中盤以降は様子見の時間が増えるなか、それでもオリヴェイラが一気に距離を詰めてフックを打っていく。離れてロー、右ジャブを放つシャフブラトフに対し、オリヴェイラはスーパーマンパンチから反対側のケージまでシャフブラトフをフックで追い込む。ケージに詰まったシャフブラトフのボディに右フックを2発入れたオリヴェイラは、足を止めての打ち合いで顔面にパンチを纏められそうになってもボディから、右フックを放ちラウンド終了間際には右フック、ボディ、アッパーと逆にパンチを集中させて初回を取った。
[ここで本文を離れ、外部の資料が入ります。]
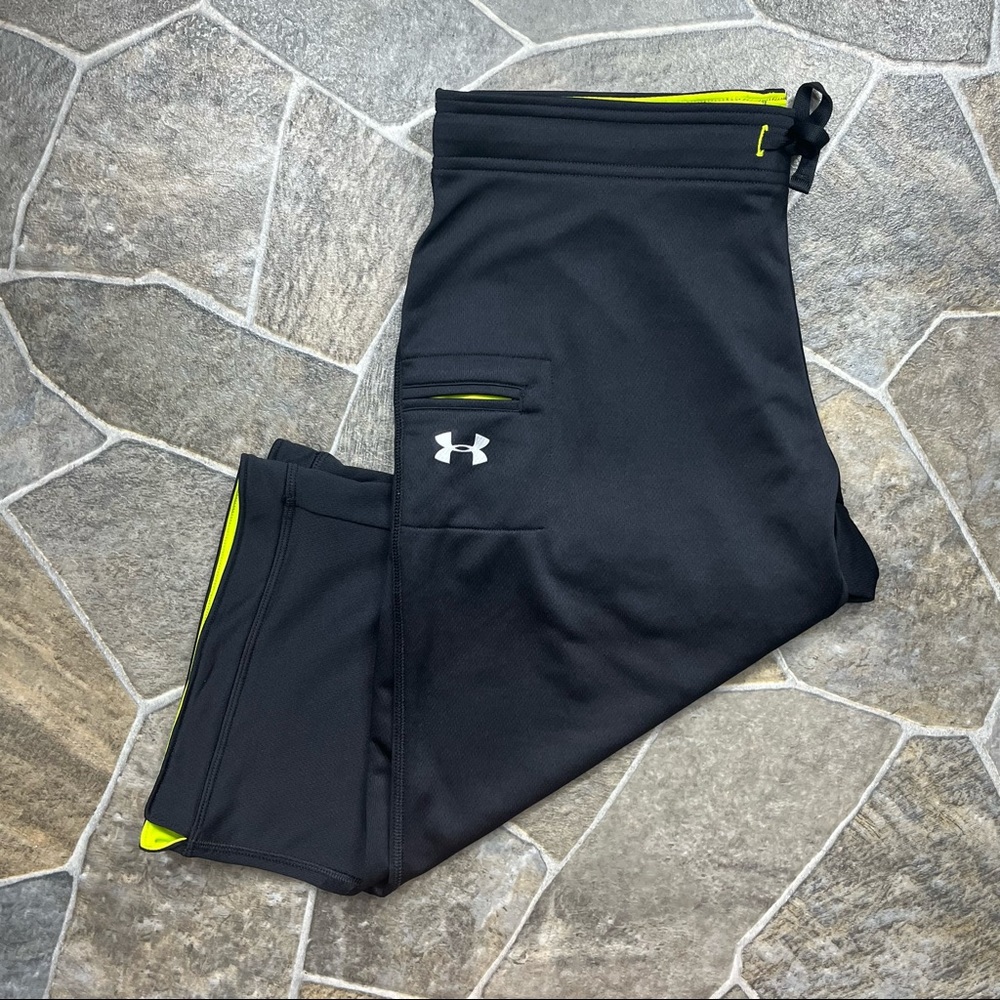 Under Armour Green HeatGear Semi-Fitted Capris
2Rも右オーバーハンドから思いきり踏み込むオリヴェイラが、右ローにつながる。シャフブラトフもローを返したが、スーパーマンパンチを被弾してダウンを喫する。すかさずバックに回ったオリヴェイラは右のパンチ、鉄槌を連打。上を向いたシャフブラトフだが、オリヴェイラはマウントに移行しエルボーを落とす。このエルボー攻撃で両目とも上方をカットさせられたシャフブラトフが、背中を向けて立ち上がって逃げようとするがオリヴェイラはバックに乗り続けて、再び寝技にもちこむ。
RNCで追い込まれるシャフブラトフはケージを蹴って、頭の位置を上げ絞めから逃れることに成功すると、胸を合わせてトップを取り鉄槌を連打していく。シングルから立ち上がったオリヴェイラは、足を止めての打ち合いのなかで右フックを被弾し頭が大きく揺れる。必死にクリンチに持ち込んだオリヴェイラは一本勝ちの好機から一点、逆転負けの危機を乗り切った。
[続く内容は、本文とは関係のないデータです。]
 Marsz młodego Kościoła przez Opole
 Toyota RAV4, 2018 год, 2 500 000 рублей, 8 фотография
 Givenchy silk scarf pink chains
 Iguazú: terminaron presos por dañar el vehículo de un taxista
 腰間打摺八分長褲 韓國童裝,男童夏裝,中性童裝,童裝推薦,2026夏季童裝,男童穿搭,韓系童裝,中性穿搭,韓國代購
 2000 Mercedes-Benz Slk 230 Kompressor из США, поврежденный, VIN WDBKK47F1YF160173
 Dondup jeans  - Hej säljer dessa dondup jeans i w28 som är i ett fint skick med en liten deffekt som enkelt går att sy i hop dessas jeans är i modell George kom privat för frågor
3R、勢いづくシャフブラトフが右ストレートを当て、左右のフックを振るいながら前に出る。右フックを被弾し、体が揺れたオリヴェイラだが、シャフブラトフも攻め疲れを警戒してか一旦動きを止める。続く連打でオリヴェイラを追い込むシャフブラトフに対して、オリヴェイラはクリンチを選択する。両者、疲れダメージが残るなかケージ中央の打撃戦では互いに空振りが増え、そのたびに姿勢が乱れるようになる。
それでも前に出るのはシャフブラトフだったが、オリヴェイラも踏み止まり左フックを当ててローを蹴っていく。さらに右フックをいれたオリヴェイラは、右オーバーハンド、左フックと空振りを繰り返すなかで、驚異的にも勢いを取り戻す。異様な回復力を見せたオリヴェイラに対し、シャフブラトフも右ジャブを続ける。しかし、右フックを受けたシャフブラトフは、右オーバーハンドも被弾しケージに下がるとボディ、右フックを打たれる。
そのシャフブラトフが左右のフックを返すが、要所でオリヴェイラのボディが決まる。さらにローで姿勢を乱したシャフブラトフに、オリヴェイラがパウンドを落とす。と、一気にガス欠となったオリヴェイラが右オーバーハンドを空振りしたあとで、大きく息をついたところでラウンド終了となった。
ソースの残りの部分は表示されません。